Laporan Wartawan Tribunnews.com, Hasiolan Eko P
TRIBUNNEWS.COM, JAKARTA - Di saat semua negara tengah memulihkan diri dari dampak ekonomi yang disebabkan oleh Pandemi Covid-19, Indonesia dipercaya memegang posisi keketuaan (presidensi) di G-20 tahun 2022, yang rencananya akan digelar di Bali.
Tema yang akan diusung adalah "Recover Together, Recover Stronger," atau bahasa Indonesianya adalah "Pulih Bersama, Pulih dan Menjadi Lebih Kuat."
Staf Ahli Menteri Keuangan Bidang Jasa Keuangan dan Pasar Modal, Suminto, dalam siaran persnya, mengatakan kepercayaan untuk memegang presidensi G20, juga berarti kepercayaan terhadap kemampuan Indonesia dalam memulihkan diri dari pandemi, oleh forum yang beranggotakan 19 negara dengan produk domestik bruto (PDB) terbesar dan Uni Eropa.
"Di saat yang bersamaan, dunia akan memantau bagaimana Indonesia melanjutkan program-program pemulihan. Ini adalah kesempatan, sekaligus tantangan," ujar Suminto dalam keterangan tertulis, Kamis (4/11/2021).
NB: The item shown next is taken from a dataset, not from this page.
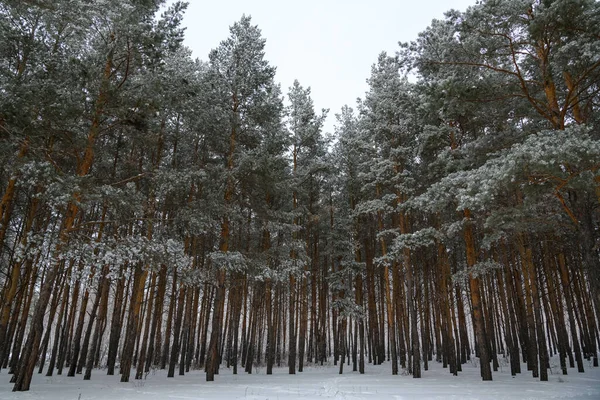 Wide-angle photo of a winter pine forest with a cloudy sky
Kepercayaan yang diberikan kepada Indonesia, tentunya akan mempengaruhi persepsi para pelaku ekonomi di tingkat internasional terhadap perekonomian dalam negeri.
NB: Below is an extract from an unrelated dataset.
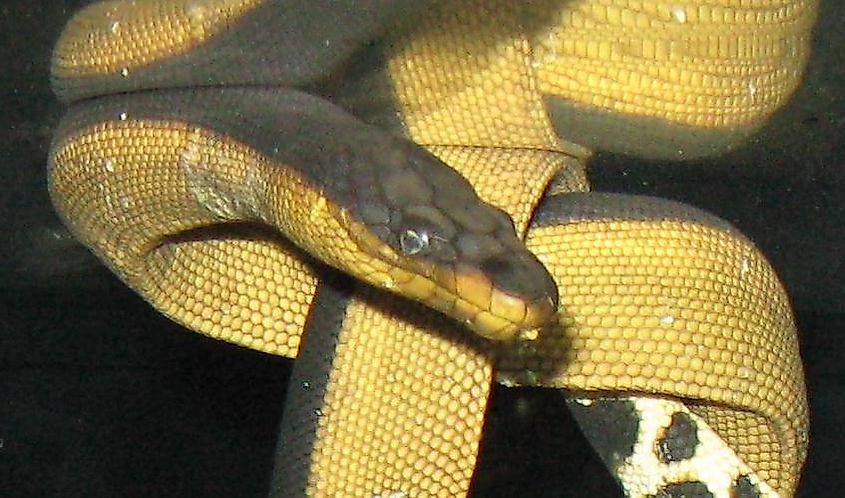 A venomous yellow-bellied sea snake.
Kepercayaan tersebut diharapkan akan mempermudah upaya pemerintah untuk mengundang investasi dari luar negeri, yang akan berdampak pada percepatan pemulihan perekonomian Indonesia.
Baca juga: Mengenal Sistem Perekonomian di Indonesia, Berikut Tujuan dan Macam-macamnya
"Perhelatan yang rencananya akan digelar di Bali pada tahun depan itu, terdiri dari sejumlah pertemuan dari berbagai macam tingkatan, termasuk di tingkatan menteri dan di tingkatan kepala negara. Tentunya pertemuan-pertemuan itu, akan berdampak positif terhadap perekonomian di Bali, dan akan membuka banyak lapangan pekerjaan," jelasnya.
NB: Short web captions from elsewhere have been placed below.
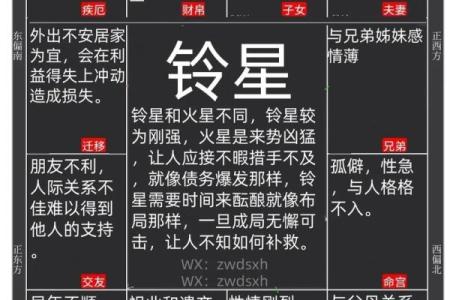 紫薇斗数怎么看主宫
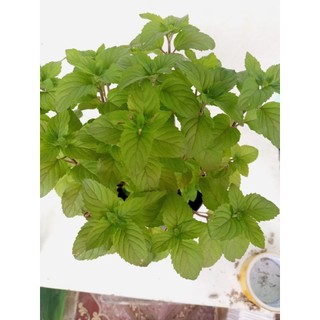 Cây giống Húng Bạc Hà(Bạc Hà Min)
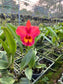 Saim Red - Cattleya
G20 adalah forum yang beranggotakan sembilan belas negara dengan skala ekonomi terbesar di dunia plus Uni Eropa. Forum tersebut merepresentasikan 85% perekonomian global, 80% investasi global, 75% perdagangan internasional, dan 66% penduduk dunia. Dari Asia Tenggara, hanya Indonesia yang berstatus sebagai anggota tetap.
G20 dibentuk tahun 1999 untuk merespons krisis keuangan Asia yang berdampak pada pasar keuangan di negara-negara maju.
Inisiator forum percaya, krisis keuangan Asia menunjukkan bahwa emerging economies memiliki pengaruh sistemik yang signifikan dalam perekonomian global.
Hal ini memunculkan kesadaran perlunya melibatkan emerging economies dalam forum tata kelola global.
G20 sempat merespons shock non-ekonomi serangan teroris 11 September 2001, melalui kacamata kerja sama keuangan.
Krisis finansial global pada tahun 2008, juga tidak luput dari pembahasan. Sifat responsif G20 masih dipertahankan hingga saat ini. Oleh karena itu, G20 fokus membahas pemulihan dampak ekonomi yang diakibatkan pandemi.